Les 100 vies de Joe Haege – Part 2 => La vie avec les autres ou tout seul


Joe Haege en mode sandiniste

Joe Haege en mode sandiniste

Joe Haege. C’est un homme à l’élégance naturelle. Sous l’oeil du photographe, on le retrouve dans un costume Années 30, une frange de cheveux, balancée à gauche, un corps élancé d’où émane la fraîcheur d’un adolescent à peine vieilli. En fait, d’apparence, il ressemblerait à un cadre du N.S.D.A.P., les idées nauséabondes en moins. Notre gaillard a le type germain, mais de cela on s’en fout. Joe Haege est déjanté, sensible et méticuleux, l’instant d’après, Joe Haege est calme, léger et foutraque, mais je ne peux pas le prouver. Il parle d’une voix reposante, presque prévenante. Je devrais probablement essayer de me marier avec lui, avant que ces connards de Romney & Ryan ne me l’interdisent, dénonçant l’union du Fan et de la Star, comme un inceste aux canaux de la distribution musicale traditionnelle.

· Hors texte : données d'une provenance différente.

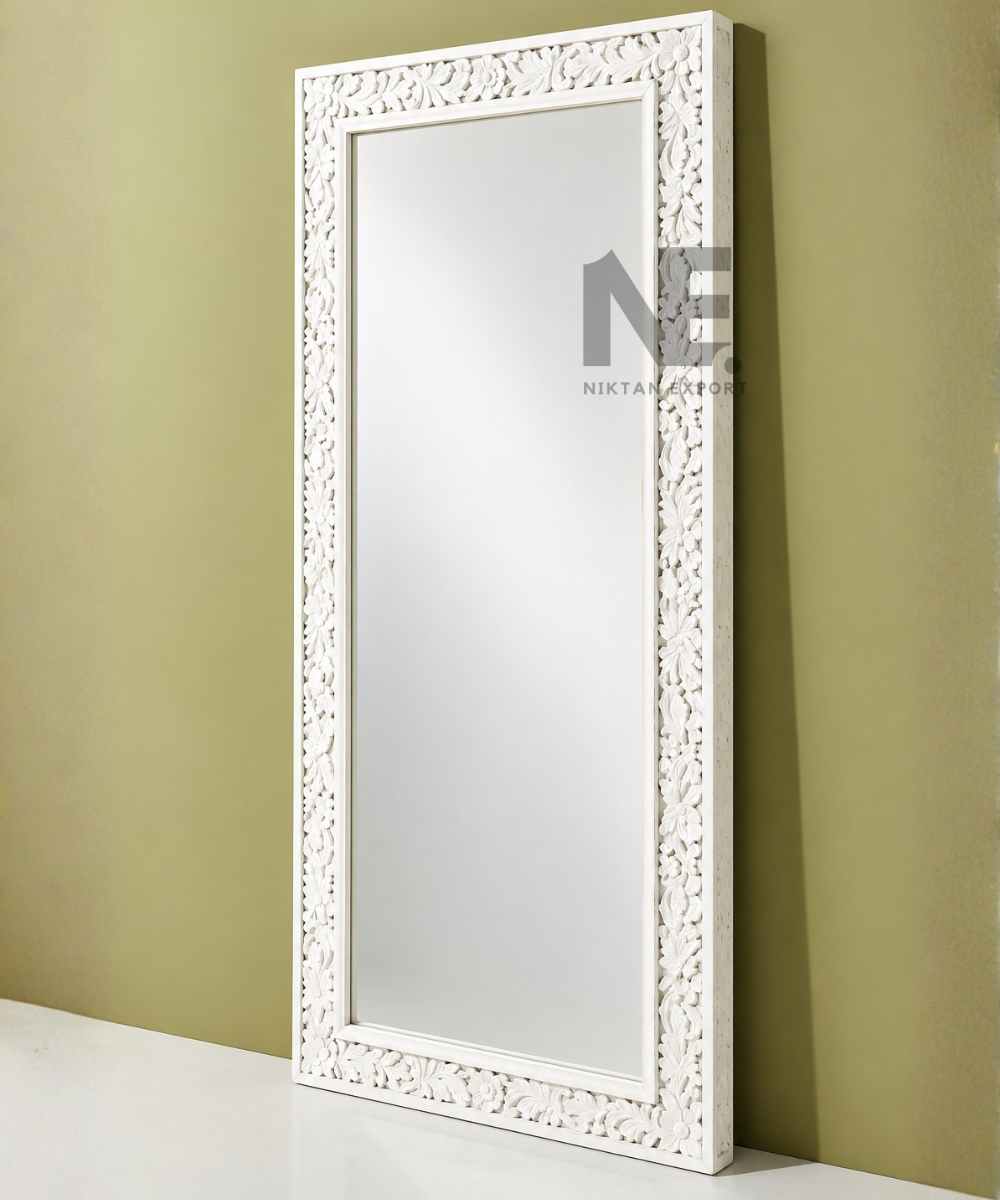 Close-up of floral details on white mirror frame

Joe Haege. C’est un multi-instrumentiste, songwriter de génie, installé à Portland, précisément où, je ne sais pas. Il a l’un des jeux de guitare les plus insolites que je connaisse. La plupart du temps, il joue sur une Gibson SG, la même que Angus Young. Il est membre de 31KnotsTu FawningVin Blanc (en solo), file la main à ses potes de Menomena et paraît-il, organise des barbecues avec Deerhoof. Sans lui, Portland serait un désert musical. Quand La Gaîté Lyrique s’est lancée dans l’aventure Keep Portland Weird l’année dernière (2011), j’aurais du insulté son directeur pour avoir oublié Joe Haege.

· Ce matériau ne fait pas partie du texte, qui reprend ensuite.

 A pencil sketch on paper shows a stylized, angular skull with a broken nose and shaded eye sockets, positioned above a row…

Bref, il était temps de livrer une élégie, imparfaite je m’en excuse, à ce maître-créateur, touche à tout, Thanks God!, toujours bien en vie. Alors, je me suis lancé dans une exploration du parcours musical du ‘Sieur Haege et vous livre 40 titres, sélectionnés avec une objectivité sans pareil, pour découvrir les multiples facettes du créateur. Pour retrouver la Part I autour de 31Knots, c’est par là >>>

Part II – Avec Menomena, Tu Fawning, Vin Blanc

L’idée n’est pas de vous présenter en détails chacun de ces groupes, mais bien de puiser dans leur discographie respective pour illustrer le talent du gaillard. D’autant plus en ce qui concerne les géniaux Menomena  que j’ai chroniqués à de multiples reprises (par là pour Moms, par ici pour leur concert au Point Ephémère).

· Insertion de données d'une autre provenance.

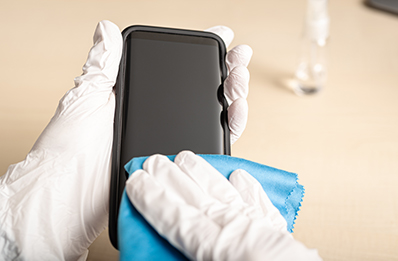 cleaning-smartphone-with-disinfectant photo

Au chapitre des collaborations fructueuses, Joe Haege (instrumentiste affable et sociable), a officié en tant que guitariste sur l’album Mines de Menomena et la tournée qui s’en est suivie, est membre permanent aux côtés de sa femme, de la petite cousine Sallie et du pote à la compote de l’époque du Lycée dans le groupe méconnu Tu Fawning et s’est lancé en 2011 pour battre le record des side-projects dans l’aventure solitaire de Vin Blanc.

Menomena

On comme avec « Five LIttle Rooms » arpent délicieux, sous tension qui nous rappelle entre les lignes que « All this could be yours someday ». Captée en live à la station KEXP.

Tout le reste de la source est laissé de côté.